EXERCISE MATERIAL START

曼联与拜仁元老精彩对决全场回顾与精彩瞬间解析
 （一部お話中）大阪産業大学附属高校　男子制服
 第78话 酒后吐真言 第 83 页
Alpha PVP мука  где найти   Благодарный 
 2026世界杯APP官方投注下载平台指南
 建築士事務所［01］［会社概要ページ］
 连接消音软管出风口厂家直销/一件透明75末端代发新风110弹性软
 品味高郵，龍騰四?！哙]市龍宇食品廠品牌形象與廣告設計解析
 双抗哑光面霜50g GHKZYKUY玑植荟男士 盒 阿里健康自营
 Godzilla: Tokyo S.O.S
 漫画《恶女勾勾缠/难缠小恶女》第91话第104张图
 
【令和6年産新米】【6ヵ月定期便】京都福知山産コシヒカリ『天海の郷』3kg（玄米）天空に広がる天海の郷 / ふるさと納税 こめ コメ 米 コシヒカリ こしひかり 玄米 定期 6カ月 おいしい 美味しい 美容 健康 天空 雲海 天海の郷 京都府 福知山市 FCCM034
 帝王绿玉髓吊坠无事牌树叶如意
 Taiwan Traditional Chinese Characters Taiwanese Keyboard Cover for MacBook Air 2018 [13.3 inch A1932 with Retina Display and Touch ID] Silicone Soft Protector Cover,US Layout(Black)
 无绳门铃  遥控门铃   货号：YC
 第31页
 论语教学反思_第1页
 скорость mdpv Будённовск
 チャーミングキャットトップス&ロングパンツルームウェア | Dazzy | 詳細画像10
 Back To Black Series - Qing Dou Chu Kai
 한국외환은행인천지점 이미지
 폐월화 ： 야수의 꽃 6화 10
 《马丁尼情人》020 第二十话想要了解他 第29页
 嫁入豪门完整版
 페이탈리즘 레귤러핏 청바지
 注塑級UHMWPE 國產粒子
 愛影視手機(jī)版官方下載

EXERCISE MATERIAL END

EXERCISE GOAL: Only this range is to be output: the line that contains "Back To Black Series - Qing Dou Chu Kai" through the last line of the records above, both inclusive.

RESPONSE TO THIS EXERCISE:
 Back To Black Series - Qing Dou Chu Kai
 한국외환은행인천지점 이미지
 폐월화 ： 야수의 꽃 6화 10
 《马丁尼情人》020 第二十话想要了解他 第29页
 嫁入豪门完整版
 페이탈리즘 레귤러핏 청바지
 注塑級UHMWPE 國產粒子
 愛影視手機(jī)版官方下載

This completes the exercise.